The ATC has some common-sense suggestions for its members:

Wear blaze orange that is visible both front and back. A hat, an inexpensive vest that fits over outerwear or a backpack cover will do the trick.

Use caution within a half-mile of road crossings and in valleys, which are prime hunter areas.

Be heard.

"You don't have to bang pots and pans," Slattery says. "Usually, the crunching of leaves underfoot and normal conversation are plenty of notice."

How do you know if you're on public land used for hunting?

Generally speaking, state wildlife management areas and state forests are open to hunters. Natural environment areas and most natural resource management areas are not. Some state parks allow hunting, but not in day-use areas.

If you aren't sure, check www.dnr.state.md.us - the DNR's Web site.

Good humor

A couple of years back, I complained that state officials didn't do enough to promote Maryland's many outdoors opportunities to those living beyond our borders.

On the one hand, that's good for those of us who hate crowds mucking up favorite trails and paddling areas. But higher visitation means more revenue and, in a trickle-down world, maybe more money for a cash-strapped DNR.

Well, the Ehrlich administration has come through with a series of cute TV commercials in which the governor offers to do chores for homeowners so that they can play in Maryland. The four spots are airing in states within a day's drive of here. (Locals can see them on cable during Orioles games.)

Spoil-sport Democrats are whining that the promotions are thinly veiled re-election campaign spots. In a pronouncement with horrifying implications, party leaders want the legislature to become the Uber-scriptwriter.

State Sen. John Astle is a great outdoorsman, but Jerry Seinfeld he ain't.

Get a grip, Dems. The state went eight years with "Chuckles" Glendening running the laugh track. Who could forget his side-splitting performance in this 2001 tourism commercial: "Maryland," said the governor. "Welcome."

Woo-hoo. Gets me every time.

And don't tell me the Democrats wouldn't televise Martin O'Malley singing Irish ditties if they were to win back the Governor's Mansion in 2006: "Oh come ye back to Maryland, all ye lads and lasses. Just leave your money in my state, and I'll kiss your ... sons and daughters."

Nope, if I'm going to spend tax money to entice visitors, don't make me spend it on actors. Give me Bob Ehrlich - who I'm already paying - a regular guy with a sense of humor as he rakes leaves, fixes plumbing and clips hedges.

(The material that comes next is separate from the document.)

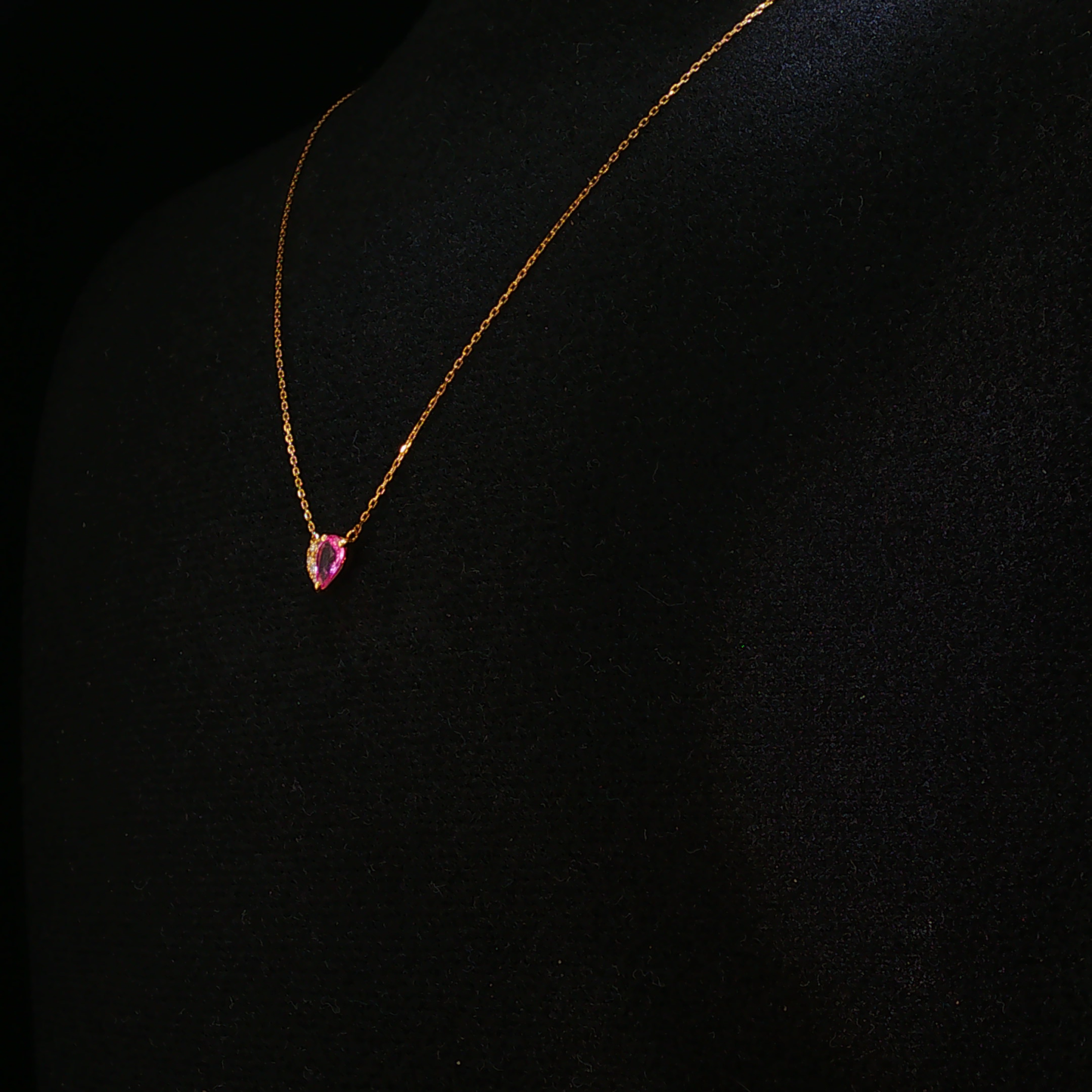 Heart-Shaped Hot Pink Sapphire Pendant Necklace in Rose Gold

Now, if I can just get the governor to mow my lawn so I can go fishing.

Bearing down

In their successful effort to sway the legislative committee reviewing the bear hunt regulations, the opponents stretched the truth like it was Gumby.

They petrified suburban representatives by spinning a tale of last year's hunt in New Jersey. A bear cub "stumbled from the woods with blood on its paws as horrified commuters watched," said Michael Markarian of the Fund for Animals.

The police charging documents, however, showed the bear was hit by a car and stumbled into the road. The maimed animal was put down by a hunter, who then illegally took the bear home.

Anti-hunters also trashed the status report on the bear population by DNR biologist Steve Bittner. Relying on a letter from Phillip Good, a California statistician, the Fund told lawmakers the DNR study was "half-baked" and "inappropriate and grossly in error."

After reading accounts of how his letter was used, Good e-mailed Bittner and the anti-hunting advocate who requested his help: "I think it essential to clarify my position. The field studies performed by Bittner and his colleagues are solidly grounded. Their work has created a baseline for future studies of the black bear population in Maryland."

What Good took issue with was using the study to draw conclusions about the size of the population.

By the way, of the 2,372 applications for the black bear hunt lottery, 2,202 were made by Maryland residents.

In a sign that bodes well for the future of electronic hunting and fishing licenses, 1,371 people applied online and 1,001 called a phone center.

The 200 winners will be posted tomorrow on the DNR Web site, about the same time the Fund files for an injunction to block the hunt.